The Federal Reserve (Fed) is starting its two-day meeting on monetary policy for a rate increase on Tuesday, and the markets are completely priced with a 25 basis point increase to reach a range of 0.50%0.75%. The investors are more inclined to be focused on the updated economic forecasts and precisely the data that signify the policymakers’ expectations for the future path of the interest rates, together with the follow-up press conference led by Janet Yellen, Fed chief.
The Fed fund futures have currently placed the odds of a rate increase happening at this meeting at 100%, by the Fed Rate Monitor Tool from Investing.com.
Also, in the most recent Reuters’ poll, all the 120 economists agreed that the U.S. central bank would choose for a tightened policy, while similar estimates reached by the survey conducted by the Wall Street Journal (WSJ).
Even though there is the possibility that there could be a surprise from the markets because of the lack of a mover larger than 50 basis point, the majority of experts believe that the chances are highly unlikely based on what has been understood from the Fed so far.
Rate increase in 2017
Looking to the future, the markets are priced for the next tightening of rate increase set to happen in June 2017 with odds at 63.6%. The probability of the first policy meeting will pass the 50% threshold.
As reported by the WSJ poll, on average the economists expected that the Fed would increase the rates three times in 2017, which is a marginally more aggressive path than that of the median outcome of the two increases that have been marked in by the policymakers with the last data plotted released in September.
Brown Brothers Harriman strategists believe that the Feb will hold out to the expectations in 2017 for two rate increases.
The strategists noted: “Even those the pace is twice as fast in 2015 and 2016, it is in line with the definition of vigilant and cautious.”
Speculation on the possible new fiscal policies is too early
Following the U.S. elections, there has been speculation about the president-elect Donald Trump embarking on fiscal policies that include the infrastructure spending that would not only support economic growth, but it would also promote inflation, that would place extra pressure on the Fed to tighten the monetary policy to avoid falling behind.
There has been an indication by several of the Fed official that the election of Trump did not change the outlooks since there have been too many unknowns in respect to the policies that Trump plans to implement and what the total impact would be on the economy.
Charles Evan, Chicago Fed president, said this past Monday that it is “still early to be able to have a clear idea of what the fiscal policies and the other events would indicate.”
“The policies enacted in opposition to what was just talked about, the appropriate this to do is to respond to them while they unfold,” according to Robert Kaplan, Dalla Fed president.
“It is too early to be able to to reach any concrete conclusions about what could occur,” stated William Dudley, New York Fed president. He is known for being the policymaker who is most aligned with the way of thinking of Janet Yellen, Fed chair.
Though, Dudley did admit that if the fiscal policy’s market expectations would become more likely to be realised, and the market participants may be correct that the Feb “is more likely to respond by the tightening of the monetary policy slightly more quickly that what was originally anticipated.”
In this regard, Yellen is widely expected to have an attitude of “waiting to see” at the post-decision press conference to be held at 2:30 PM ET (19:30GMT), while stating that the future movements of the Fed would be dependent on the data.
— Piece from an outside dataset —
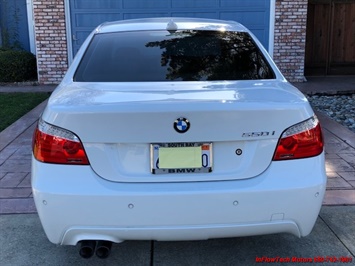 2008 BMW 550i   - Photo 5 - South San Francisco, CA 94080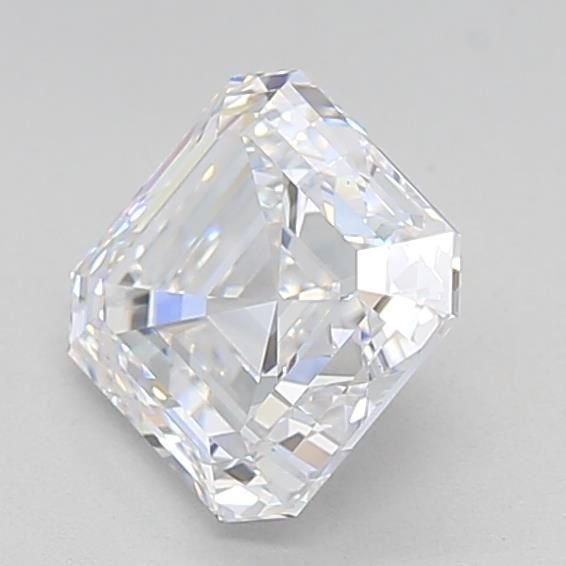 2.01 Carat Asscher Lab Diamond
Spotlight placed on the economic projections of the Fed
With regards to the Fed’s forecast, the officials are widely expected to improve the estimates for unemployment and economic growth at the same time as lifting the inflation forecasts slightly.
The focus is most likely to shift to the Fed’s dot-plot that anonymously outlines that individual projection of the Feb about the interest rates’ future path.
At this time, the strategists at Citi have suggested that the largest aggressive risk was some officials that anticipate three or more increases in 2017 that could increase from the seven dots that were seen in the projections in September.
According to them, the market is likely to take in eight or night. If it goes more than 10, then it is possible that it will be seen as a warning shot with regards to the possibility of a steeper pace for policy tightening next year.